Maybe it's time for a scripted conversation with her, a sort of Hail Mary to try to get off top dead center. What I'm suggesting is a considered letter that explains carefully that you are not healed, that you want to heal with her, and what it will take to heal. You would print it out, but sit with her and read it to her, in person. You can then leave it with her to contemplate. I think the eye contact while you read this is important.
By the way, has she read "Joseph's Letter"? You can find it in the Healing Library. If she hasn't, you might include a copy of that with your letter.
What happened in year 1 was that, due to a combination of bad advice from you MC (and her mother), and you being confused and backing down in the face of pressure from your MC and Christian friends, the two of you, together, took the wrong path. You took a path away from the direction of healing. You took a path of rug-sweeping. As an unsurprising result, 3 years have passed and you are not healed. That is almost always the result of rug-sweeping.
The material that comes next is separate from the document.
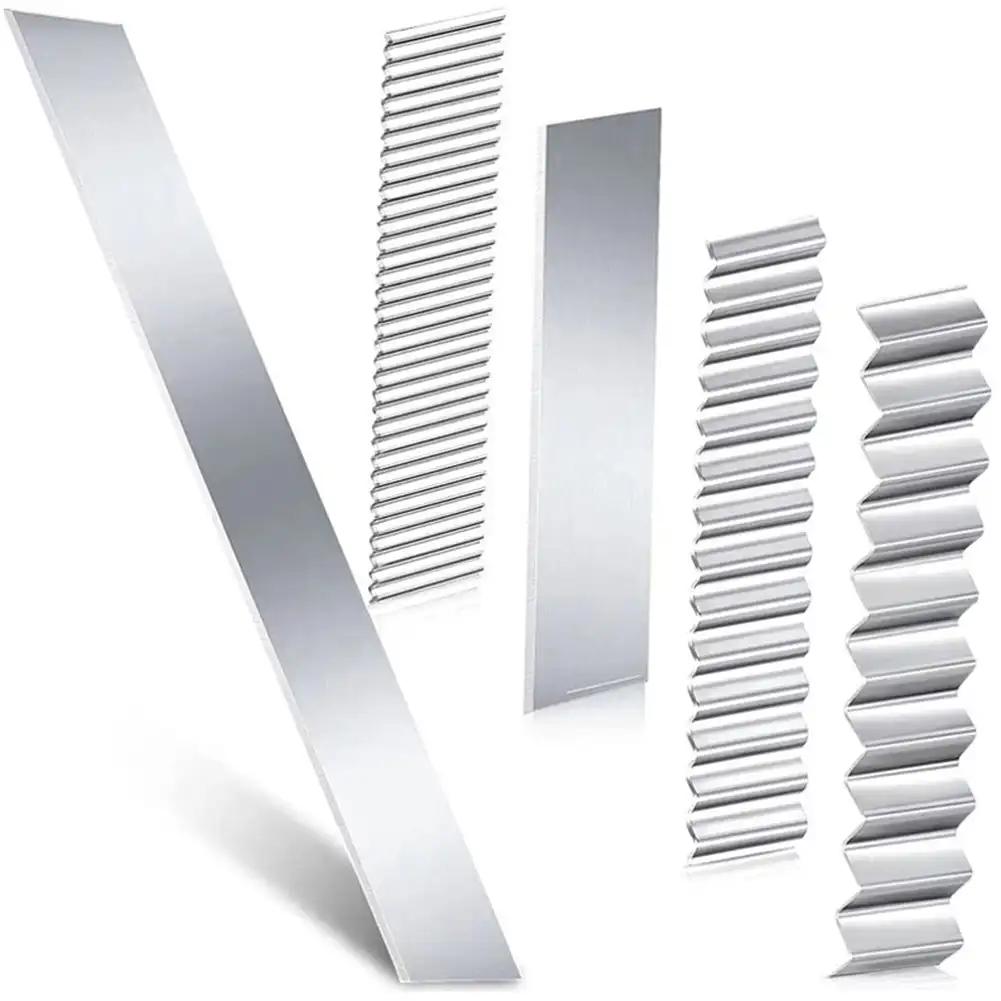 

Мягкий полимерный резак для формовки глины, длинное, короткое, плоское лезвие для резки, волнообразное кружевное лезвие, гибкий ручной инструмент, инструменты для глиняных фигурок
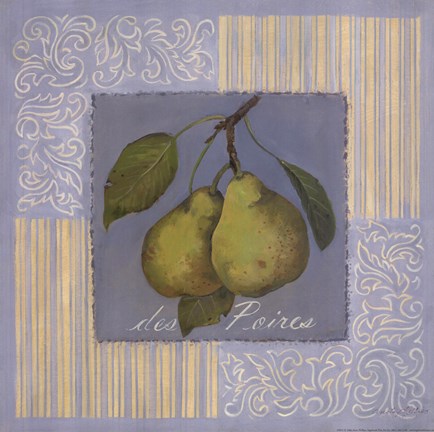 Framed Des Poires Print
Evidence here on SI suggests that, for most BS's, in most cases, the path to healing starts with 100% total transparency by the WS to the BS, about every intimate detail of the A. Indeed, this is the specific advice in the Linda MacDonald book.
There are three reasons for this. First is the "intimacy hole" that I discuss above. Currently, your WW and her AP share an intimacy cocoon that she has intentionally withheld from you. She is protecting their intimacy over your marriage. Those intimate moments were moments that she vowed in her wedding to share only with you. In ways, she shared greater intimacy with him than you, because he knew the truth of what was going on while she was lying to you and concealing the truth. No matter how painful those details, most BS's find that the benefit from the restoration of complete honesty outweighs the pain of the details.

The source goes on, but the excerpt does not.